Work order => Transcribe the data exactly, pictures excluded.

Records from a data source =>
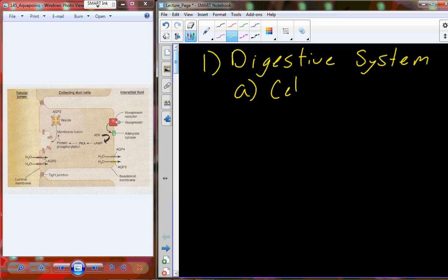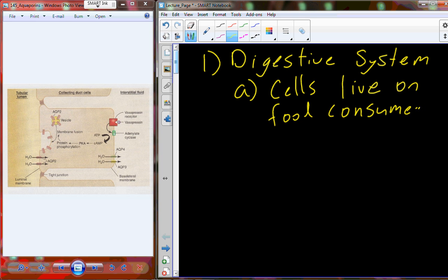The problem is we can't just feed our cells a hamburger — we have to process it and break it down. Eventually we have to break it down so much that the individual macromolecules — carbohydrates, proteins, nucleic acids, and lipids — are in their individual molecular forms: individual molecules of glucose, all 20 amino acids, and individual nucleic acids.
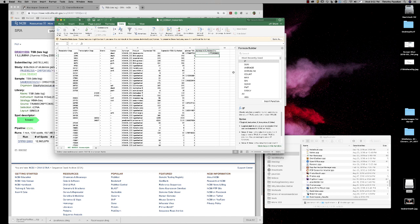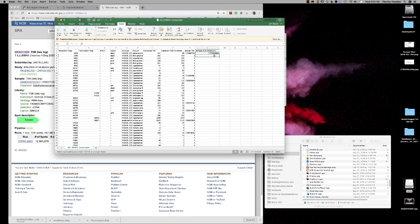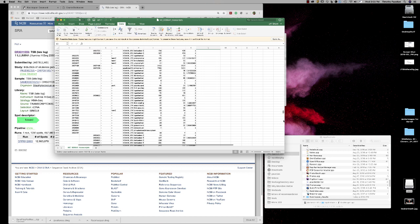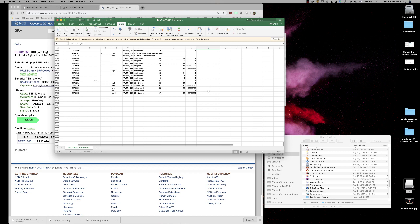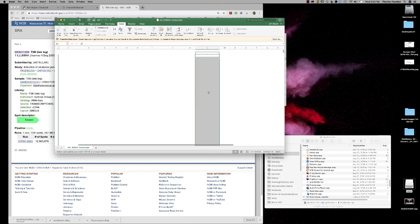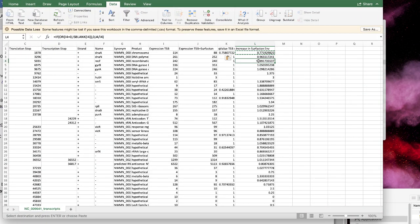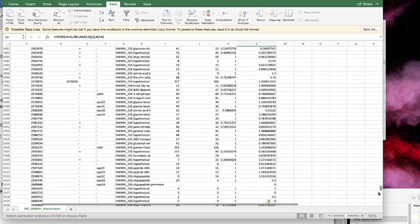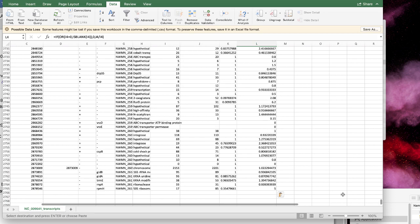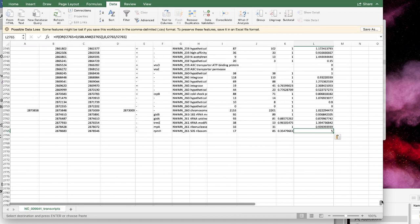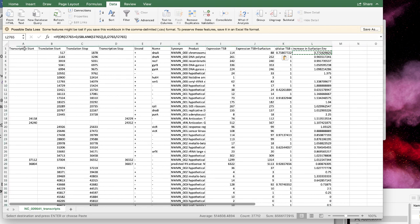Now we're going to copy that formula, select it, then scroll all the way down to the bottom of your genes. Hold down the Shift key, click, and then paste those values in. Now we've put in a value for every one and we're going to see which ones increase and which ones decrease.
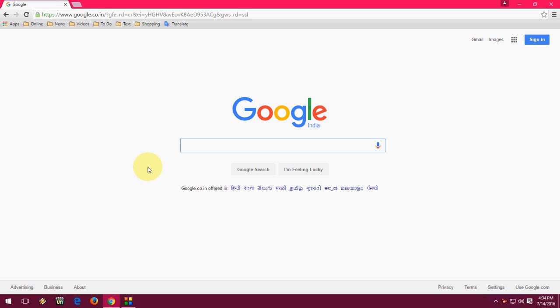Are you searching for a free antivirus for your Chrome browser? You're in the right place. Today I will show you a free antivirus for your Chrome browser, how to install and how to use it.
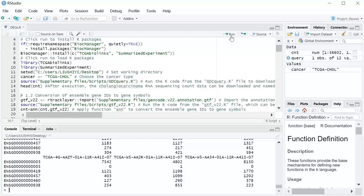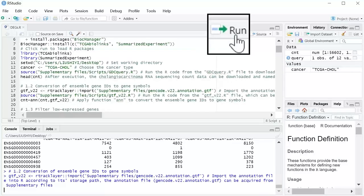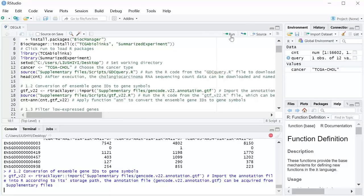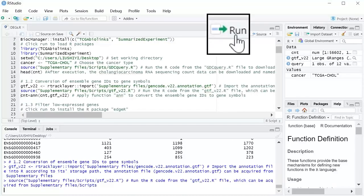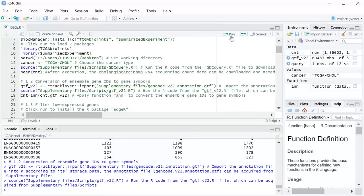Section 1.2: Conversion of Ensemble Gene IDs to Gene Symbols. Import the annotation file into R according to its storage path. The annotation file can be acquired from supplementary files. Run the R code from the GTF v22 file, which can be acquired from supplementary files.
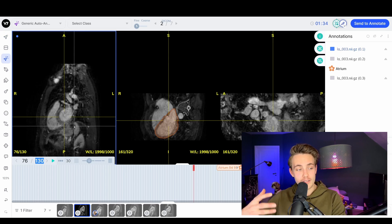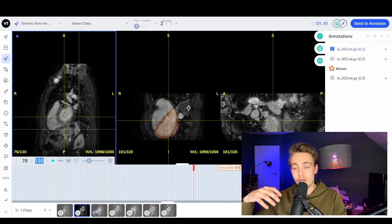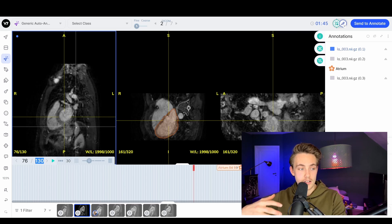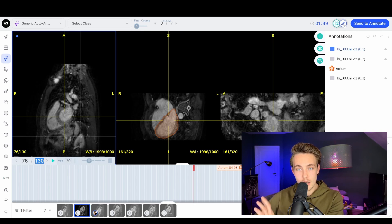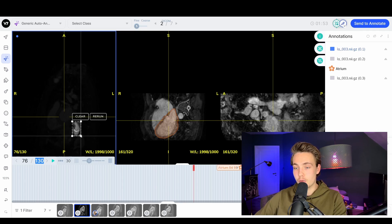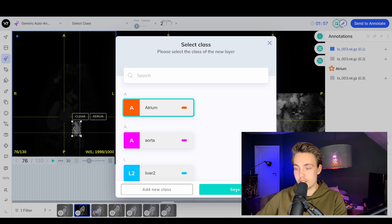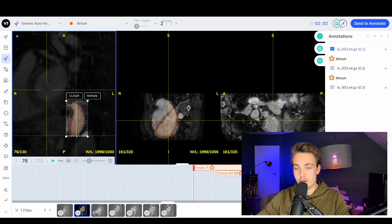If we want to annotate this specific part - it could be any kind of object, like lungs or tumors - you can go in and do that on your dataset. I'm just going to create a bounding box with the auto annotation tool around the part I want to annotate. Then it will find a prediction. I'm just going to choose the class - the atrium. Here we can actually see we get this really nice labeling of our atrium.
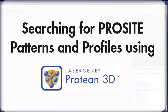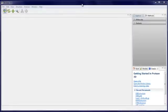In this video, I'm going to show you how to find patterns and profiles from the ProCite database in your protein structure or sequence data using Protein3D.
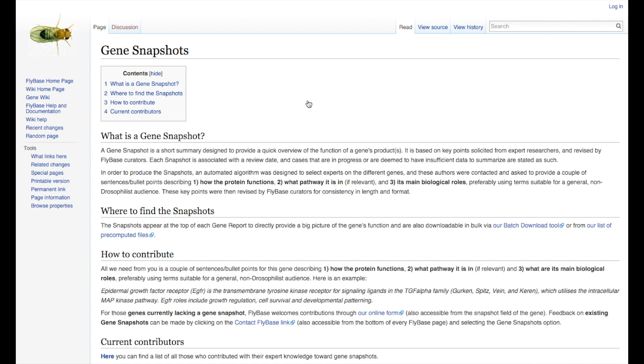On the wiki page, there is more information about the project and our contributors. Here you will find a detailed explanation about the type of information you can send us, a link to the list of contributors, and a link to submit your draft of a Gene Snapshot.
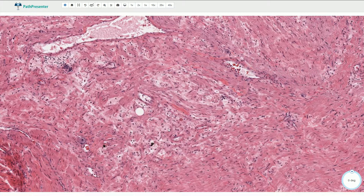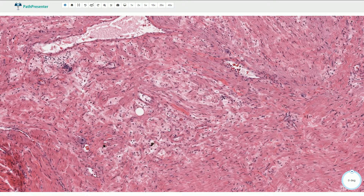It is part of the spectrum of neuroblastic tumors, with neuroblastoma being the poorly differentiated malignant tumor, ganglioneuroblastoma with intermediate differentiation, and this ganglioneuroma being the most differentiated and well-differentiated benign tumor.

Worked solution =>
The problem is we can't just feed our cells a hamburger — we have to process it and break it down. Eventually we have to break it down so much that the individual macromolecules — carbohydrates, proteins, nucleic acids, and lipids — are in their individual molecular forms: individual molecules of glucose, all 20 amino acids, and individual nucleic acids.
Now we're going to copy that formula, select it, then scroll all the way down to the bottom of your genes. Hold down the Shift key, click, and then paste those values in. Now we've put in a value for every one and we're going to see which ones increase and which ones decrease.
Are you searching for a free antivirus for your Chrome browser? You're in the right place. Today I will show you a free antivirus for your Chrome browser, how to install and how to use it.
Section 1.2: Conversion of Ensemble Gene IDs to Gene Symbols. Import the annotation file into R according to its storage path. The annotation file can be acquired from supplementary files. Run the R code from the GTF v22 file, which can be acquired from supplementary files.
If we want to annotate this specific part - it could be any kind of object, like lungs or tumors - you can go in and do that on your dataset. I'm just going to create a bounding box with the auto annotation tool around the part I want to annotate. Then it will find a prediction. I'm just going to choose the class - the atrium. Here we can actually see we get this really nice labeling of our atrium.
In this video, I'm going to show you how to find patterns and profiles from the ProCite database in your protein structure or sequence data using Protein3D.
On the wiki page, there is more information about the project and our contributors. Here you will find a detailed explanation about the type of information you can send us, a link to the list of contributors, and a link to submit your draft of a Gene Snapshot.
It is part of the spectrum of neuroblastic tumors, with neuroblastoma being the poorly differentiated malignant tumor, ganglioneuroblastoma with intermediate differentiation, and this ganglioneuroma being the most differentiated and well-differentiated benign tumor.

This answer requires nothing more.